Autocomplete – A JavaScript library for building autocomplete experiences

onion2k · on June 8, 2023

If you don't need it to be clever and dynamic, and you're not too bothered about styling, then HTML's <input> tag has a typeahead option using <datalist>.

https://developer.mozilla.org/en-US/docs/Web/HTML/Element/da...

psygn89 · on June 8, 2023

Unfortunately its scrolling performance is kinda laggy around 200 items or so in Chrome. Here's someone's example at 5,000 options which is absurd but you might think it would perform better being that it's a native control. https://jsfiddle.net/klesun/mfgteptf/

xnx · on June 8, 2023

I couldn't detect any lag in Firefox or Chrome on a laptop. Is this more of a problem on older mobile devices?

bunga-bunga · on June 8, 2023

The cool part of datalist is that you can listen to input events on the field, query the server and create your options in the datalist.

kitd · on June 8, 2023

Yes, I've done this with Htmx. Send the input content to the server and respond with the new <datalist> html that gets automatically swapped in.

Really simple engineering.

maleldil · on June 8, 2023

Does this mean that every time the user types something, they have to wait a roundtrip from the server for completion? Wouldn't this make this useless for average-to-fast typers?

Htmx sounds like a lovely idea, but doesn't it introduce a ton of latency compared to client-side operations?

kitd · on June 8, 2023

Well, they "wait" for a fraction of a second maybe. And you put it behind a typing delay so it responds only when the user is ready.

Also, many autocompletes do a round trip anyway. The htmx version just returns the html already rendered, rather than, say, JSON that requires further processing and injecting.

Here are a couple of Go templates from a sample project that show it:

    {{define "autoc_data" -}}
        {{- range . -}}
            <option>{{.}}</option>
        {{- end -}}
    {{- end}}
    
    {{define "autoc" -}}
        <input name="{{.Id}}" id="{{.Id}}" type="text" list="{{.Id}}_data"
            hx-get="/autoc/{{.Id}}/search" 
            hx-trigger="keyup delay:300ms"
            hx-target="#{{.Id}}_data">
        <datalist id="{{.Id}}_data">
            {{- template "autoc_data" -}}
        </datalist>
    {{- end}}

In response to `/autoc/<id>/search`, the server just responds with a list of strings matching the user's input, formatted with the `autoc_data` template. Htmx injects that into the `<datalist>` directly.

solardev · on June 9, 2023

It's how any search engine does autocompletes... you can't possibly store all the queries clientside. Whether you're sending a tiny JSON or a tiny HTML snippet back doesn't really make much of a difference. It's usually fast enough, especially if you debounce/throttle the user input so you're not sending the query on every keystroke.
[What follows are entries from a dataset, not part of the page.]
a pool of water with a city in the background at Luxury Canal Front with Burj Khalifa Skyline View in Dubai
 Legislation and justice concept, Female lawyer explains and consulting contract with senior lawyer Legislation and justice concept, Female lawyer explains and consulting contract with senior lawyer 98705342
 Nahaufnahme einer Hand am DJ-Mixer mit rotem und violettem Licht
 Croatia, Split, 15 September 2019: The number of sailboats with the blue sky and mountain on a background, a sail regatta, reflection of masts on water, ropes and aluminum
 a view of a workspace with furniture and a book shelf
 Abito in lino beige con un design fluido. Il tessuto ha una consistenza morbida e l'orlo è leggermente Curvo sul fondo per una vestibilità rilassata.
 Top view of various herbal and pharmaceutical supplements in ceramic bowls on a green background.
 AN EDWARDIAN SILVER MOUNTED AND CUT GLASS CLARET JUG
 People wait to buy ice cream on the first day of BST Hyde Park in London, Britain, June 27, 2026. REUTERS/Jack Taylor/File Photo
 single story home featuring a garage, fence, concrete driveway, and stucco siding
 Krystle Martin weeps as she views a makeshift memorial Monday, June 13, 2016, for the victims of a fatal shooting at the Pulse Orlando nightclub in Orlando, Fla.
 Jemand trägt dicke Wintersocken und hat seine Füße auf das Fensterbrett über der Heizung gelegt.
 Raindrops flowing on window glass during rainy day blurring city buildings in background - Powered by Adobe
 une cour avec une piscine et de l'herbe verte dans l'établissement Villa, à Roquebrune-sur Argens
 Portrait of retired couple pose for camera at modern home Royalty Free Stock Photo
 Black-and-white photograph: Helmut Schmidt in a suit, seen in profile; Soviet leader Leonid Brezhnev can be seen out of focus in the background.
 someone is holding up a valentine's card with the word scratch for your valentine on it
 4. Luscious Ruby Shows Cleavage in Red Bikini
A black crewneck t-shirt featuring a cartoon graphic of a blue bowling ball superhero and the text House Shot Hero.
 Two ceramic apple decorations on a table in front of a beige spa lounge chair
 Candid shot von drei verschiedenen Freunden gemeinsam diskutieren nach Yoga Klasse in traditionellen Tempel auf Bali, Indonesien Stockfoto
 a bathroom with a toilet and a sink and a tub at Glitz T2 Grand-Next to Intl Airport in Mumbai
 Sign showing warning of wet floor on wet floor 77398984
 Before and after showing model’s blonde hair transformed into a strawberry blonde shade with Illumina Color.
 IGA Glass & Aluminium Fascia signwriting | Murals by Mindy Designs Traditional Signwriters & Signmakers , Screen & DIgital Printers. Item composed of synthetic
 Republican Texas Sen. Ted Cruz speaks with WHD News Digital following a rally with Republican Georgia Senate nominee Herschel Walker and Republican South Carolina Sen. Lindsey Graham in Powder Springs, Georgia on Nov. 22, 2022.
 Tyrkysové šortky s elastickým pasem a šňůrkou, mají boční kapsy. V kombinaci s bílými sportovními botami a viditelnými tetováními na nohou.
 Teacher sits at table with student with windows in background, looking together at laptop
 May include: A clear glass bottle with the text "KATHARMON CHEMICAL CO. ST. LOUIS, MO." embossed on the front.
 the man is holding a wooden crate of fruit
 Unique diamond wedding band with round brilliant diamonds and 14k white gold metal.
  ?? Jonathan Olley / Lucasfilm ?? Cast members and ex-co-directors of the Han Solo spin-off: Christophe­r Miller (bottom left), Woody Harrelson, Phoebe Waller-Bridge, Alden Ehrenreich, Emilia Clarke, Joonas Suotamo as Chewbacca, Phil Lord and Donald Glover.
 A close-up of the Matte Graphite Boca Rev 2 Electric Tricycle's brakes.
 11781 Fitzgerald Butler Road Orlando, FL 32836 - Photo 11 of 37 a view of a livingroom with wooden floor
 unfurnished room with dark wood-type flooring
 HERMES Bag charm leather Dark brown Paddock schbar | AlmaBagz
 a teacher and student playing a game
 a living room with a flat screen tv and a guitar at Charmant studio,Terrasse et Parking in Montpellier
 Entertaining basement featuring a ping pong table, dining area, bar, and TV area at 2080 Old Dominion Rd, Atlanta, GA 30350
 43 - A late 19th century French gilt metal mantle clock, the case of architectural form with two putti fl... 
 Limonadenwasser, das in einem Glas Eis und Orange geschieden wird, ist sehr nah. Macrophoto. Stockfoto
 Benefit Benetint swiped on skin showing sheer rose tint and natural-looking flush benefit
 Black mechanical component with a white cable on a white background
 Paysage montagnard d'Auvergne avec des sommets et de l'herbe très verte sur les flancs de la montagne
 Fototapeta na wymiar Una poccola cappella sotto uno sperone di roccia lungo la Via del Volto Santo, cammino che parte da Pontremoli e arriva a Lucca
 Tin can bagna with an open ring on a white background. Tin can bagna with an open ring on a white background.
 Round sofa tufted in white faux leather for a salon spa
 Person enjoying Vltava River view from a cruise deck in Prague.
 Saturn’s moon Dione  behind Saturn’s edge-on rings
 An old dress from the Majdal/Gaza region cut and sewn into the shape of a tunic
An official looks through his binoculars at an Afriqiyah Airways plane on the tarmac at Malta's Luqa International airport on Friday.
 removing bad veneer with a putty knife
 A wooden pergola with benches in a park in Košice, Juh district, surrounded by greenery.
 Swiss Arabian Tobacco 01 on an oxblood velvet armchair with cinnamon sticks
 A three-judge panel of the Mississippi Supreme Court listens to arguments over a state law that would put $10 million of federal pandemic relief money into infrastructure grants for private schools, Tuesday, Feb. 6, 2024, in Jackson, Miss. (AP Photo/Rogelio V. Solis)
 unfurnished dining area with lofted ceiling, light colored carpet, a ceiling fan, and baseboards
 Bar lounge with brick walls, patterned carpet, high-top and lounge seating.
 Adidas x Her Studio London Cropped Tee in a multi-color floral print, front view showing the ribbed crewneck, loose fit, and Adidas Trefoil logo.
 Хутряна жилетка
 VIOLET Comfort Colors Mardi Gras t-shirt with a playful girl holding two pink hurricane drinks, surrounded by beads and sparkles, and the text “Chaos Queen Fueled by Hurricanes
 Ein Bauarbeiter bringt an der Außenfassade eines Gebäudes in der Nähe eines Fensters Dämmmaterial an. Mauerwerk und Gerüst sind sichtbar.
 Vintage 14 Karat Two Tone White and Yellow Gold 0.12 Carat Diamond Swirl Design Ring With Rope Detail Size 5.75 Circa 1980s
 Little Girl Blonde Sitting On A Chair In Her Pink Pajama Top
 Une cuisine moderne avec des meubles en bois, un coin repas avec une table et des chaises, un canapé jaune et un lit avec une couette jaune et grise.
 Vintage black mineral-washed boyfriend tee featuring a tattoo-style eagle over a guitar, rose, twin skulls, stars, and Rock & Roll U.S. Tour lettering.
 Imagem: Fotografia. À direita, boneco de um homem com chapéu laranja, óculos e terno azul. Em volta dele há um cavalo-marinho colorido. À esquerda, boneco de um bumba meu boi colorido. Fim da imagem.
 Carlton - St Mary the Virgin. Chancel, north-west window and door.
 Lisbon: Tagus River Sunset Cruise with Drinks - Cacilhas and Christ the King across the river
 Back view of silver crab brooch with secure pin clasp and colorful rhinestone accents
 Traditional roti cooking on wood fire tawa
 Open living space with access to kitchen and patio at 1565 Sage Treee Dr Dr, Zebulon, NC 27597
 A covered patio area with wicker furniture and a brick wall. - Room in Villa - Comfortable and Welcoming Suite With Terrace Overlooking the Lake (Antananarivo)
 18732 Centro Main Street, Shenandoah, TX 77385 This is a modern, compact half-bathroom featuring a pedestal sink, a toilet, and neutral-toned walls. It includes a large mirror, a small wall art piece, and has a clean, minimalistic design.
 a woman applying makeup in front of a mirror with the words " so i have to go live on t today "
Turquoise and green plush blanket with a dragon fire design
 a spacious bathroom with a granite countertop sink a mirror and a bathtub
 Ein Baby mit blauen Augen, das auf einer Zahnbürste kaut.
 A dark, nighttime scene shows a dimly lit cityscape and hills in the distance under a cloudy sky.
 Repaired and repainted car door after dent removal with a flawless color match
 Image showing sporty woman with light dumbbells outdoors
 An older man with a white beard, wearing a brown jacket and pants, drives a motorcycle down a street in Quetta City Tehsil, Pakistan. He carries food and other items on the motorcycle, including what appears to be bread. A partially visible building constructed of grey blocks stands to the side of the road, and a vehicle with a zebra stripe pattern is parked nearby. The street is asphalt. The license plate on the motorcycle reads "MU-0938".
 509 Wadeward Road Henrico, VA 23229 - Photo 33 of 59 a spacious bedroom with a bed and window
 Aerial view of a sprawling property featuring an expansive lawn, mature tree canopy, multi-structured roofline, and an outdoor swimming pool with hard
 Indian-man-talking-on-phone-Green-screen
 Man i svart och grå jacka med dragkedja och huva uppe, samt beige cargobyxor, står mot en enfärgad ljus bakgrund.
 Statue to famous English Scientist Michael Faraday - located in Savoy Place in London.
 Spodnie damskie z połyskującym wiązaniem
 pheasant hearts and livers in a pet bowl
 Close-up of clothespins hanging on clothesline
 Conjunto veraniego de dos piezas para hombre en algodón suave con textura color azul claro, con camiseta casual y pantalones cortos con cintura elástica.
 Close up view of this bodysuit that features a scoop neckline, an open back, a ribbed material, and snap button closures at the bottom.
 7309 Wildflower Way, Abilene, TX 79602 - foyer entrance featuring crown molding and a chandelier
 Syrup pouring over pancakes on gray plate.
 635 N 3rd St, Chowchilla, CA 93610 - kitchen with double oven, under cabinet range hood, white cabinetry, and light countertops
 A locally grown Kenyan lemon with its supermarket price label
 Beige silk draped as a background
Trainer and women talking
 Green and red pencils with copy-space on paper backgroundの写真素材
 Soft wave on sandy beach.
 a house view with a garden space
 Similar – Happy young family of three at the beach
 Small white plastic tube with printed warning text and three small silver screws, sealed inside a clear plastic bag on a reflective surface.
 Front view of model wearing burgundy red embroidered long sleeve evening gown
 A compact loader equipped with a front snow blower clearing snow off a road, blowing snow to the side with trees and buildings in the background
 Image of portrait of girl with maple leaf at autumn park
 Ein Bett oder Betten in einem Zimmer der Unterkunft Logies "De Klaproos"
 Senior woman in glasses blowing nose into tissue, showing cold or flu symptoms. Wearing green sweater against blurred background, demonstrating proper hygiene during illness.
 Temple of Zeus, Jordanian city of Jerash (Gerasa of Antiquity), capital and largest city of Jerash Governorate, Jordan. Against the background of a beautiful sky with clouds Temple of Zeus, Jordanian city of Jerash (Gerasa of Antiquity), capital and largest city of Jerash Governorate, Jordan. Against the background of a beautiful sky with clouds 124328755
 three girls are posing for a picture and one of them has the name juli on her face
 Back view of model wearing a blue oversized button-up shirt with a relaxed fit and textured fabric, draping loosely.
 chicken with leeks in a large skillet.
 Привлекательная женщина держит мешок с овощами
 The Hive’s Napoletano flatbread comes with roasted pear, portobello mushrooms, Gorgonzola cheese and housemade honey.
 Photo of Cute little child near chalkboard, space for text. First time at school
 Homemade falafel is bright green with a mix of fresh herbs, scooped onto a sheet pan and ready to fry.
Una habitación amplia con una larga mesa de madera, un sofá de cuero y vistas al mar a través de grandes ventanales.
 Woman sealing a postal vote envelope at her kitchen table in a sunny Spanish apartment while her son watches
zeroonetwothree · on June 8, 2023

That’s how almost all autocompletes work

maleldil · on June 8, 2023

Unless you have the data on the client side already, which isn't the case for Htmx.

kitd · on June 8, 2023

True, but then you are required to load all possible values for all autocompletable input fields at page load, which in many cases is unreasonable.

As mentioned, many (most even?) autocompletes do it on the fly, and probably without you realising.

MobiusHorizons · on June 8, 2023

In my experience type ahead is most useful on datasets that are generally too large to load the whole dataset locally. There are certainly times when a list is too long to fit in the available space, but unlikely to grow unbounded, but such large lists that are known not to grow in an unbounded manner are rare in my experience.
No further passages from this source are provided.